Openbank biedt 3% rente over saldo tot en met € 300.000

 

Openbank, de 100% digitale bank van de Santander Group, biedt 3 procent rente op de Welkom Spaarrekening voor nieuwe klanten. De Spaanse bank is de eerste bank in Nederland die de deze spaardrempel overschrijdt.

De rente is van toepassing gedurende de eerste zes maanden, waarin nieuwe klanten kunnen profiteren van de voordelen van sparen bij Openbank tegen een ongekende rente. Het maximale bedrag dat in aanmerking komt voor deze rente is 300.000 euro.

Zodra de looptijd van de Welkom Spaarrekening afloopt, wordt de rekening van de klant automatisch omgezet in een Open Spaarrekening met een rente van maximaal 2,25 procent. Het maximale bedrag waarover je deze rente krijgt, is trouwens ook voor de Open Spaarrekening verhoogd, van 200.000 naar 300.000 euro.

Als aanvulling op dit aantrekkelijke aanbod biedt Openbank ook Open Spaardeposito's aan.

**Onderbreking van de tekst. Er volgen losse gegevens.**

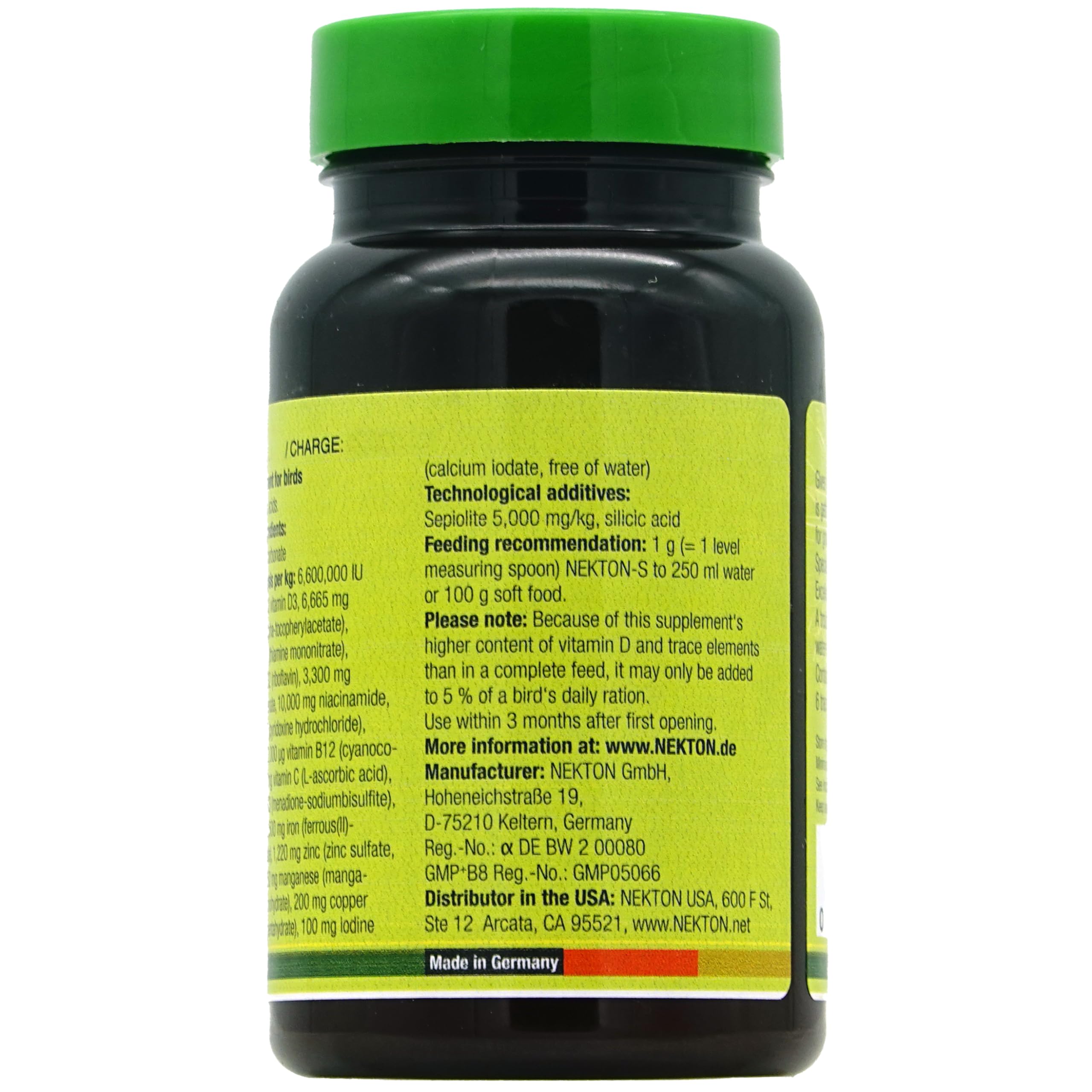 Nekton-S multivitamina para aves, dosis diaria: ayuda a prevenir deficiencias y mejora el valor nutricional.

Met het Welkom Spaardeposito ontvangen nieuwe klanten een rente van 3 procent met een looptijd van 12 maanden. Bestaande klanten kunnen kiezen uit vijf deposito-aanbiedingen met verschillende looptijden en rentes: drie maanden tegen 2,10%; 6 maanden tegen 2,50%; 12 maanden tegen 2,76%; 18 maanden tegen 3,00% en 24 maanden tegen 3,05%.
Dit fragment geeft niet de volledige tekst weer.